Tali elementi hanno consentito di raggiungere una definizione favorevole, in via anticipata rispetto al coinvolgimento nel più complesso giudizio dibattimentale, con ricadute positive anche per la reputazione della Società la quale non è stata neppure destinataria di un avviso di conclusione delle indagini preliminari (art. 415-bis c.p.p.), né tanto meno di una richiesta di rinvio a giudizio (art. 416 c.p.p.): eventi solitamente connessi alla diffusione di notizie sulle indagini che, spesso, finiscono per offendere il buon nome degli interessati prima dei doverosi approfondimenti.

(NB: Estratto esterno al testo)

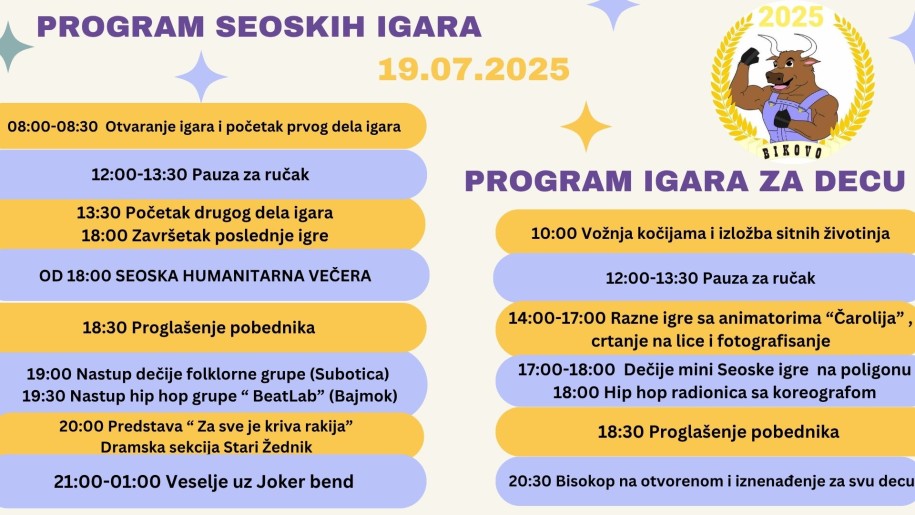 XVI Seoske igre bez granica na Bikovu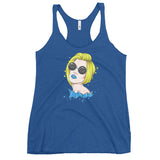 Women's Racerback Tank Blond And Blue
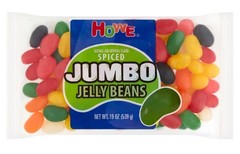 6 19oz bags howe jumbo Spiced Jelly Beans free shipping over 7lbs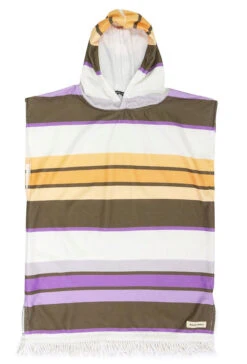 Ocean And Earth Ladies Sunkissed Hooded Poncho Apricot Violet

[1] Cfr. Cass. pen., sez. 3, 31 gennaio 2017, n. 15865, in Ced Cass., rv. 269491-1, p. 6. Conf. Cass. pen., sez. 3, 6 luglio 2017, n. 52436, ivi, rv. 272842, p. 6.

[2] Cfr. Cass. pen., sez. 3, 21 settembre 2016, n. 46170, in Ced Cass., rv. 268059-1, pp. 6-7. Conf. (espressamente) Cass. pen., sez. 3, 31 gennaio 2017, n. 15865, in Ced Cass., rv. 269491-1, p. 5.

[3] Uff. GIP Parma, 3 giugno 2021, pp. 56 ss.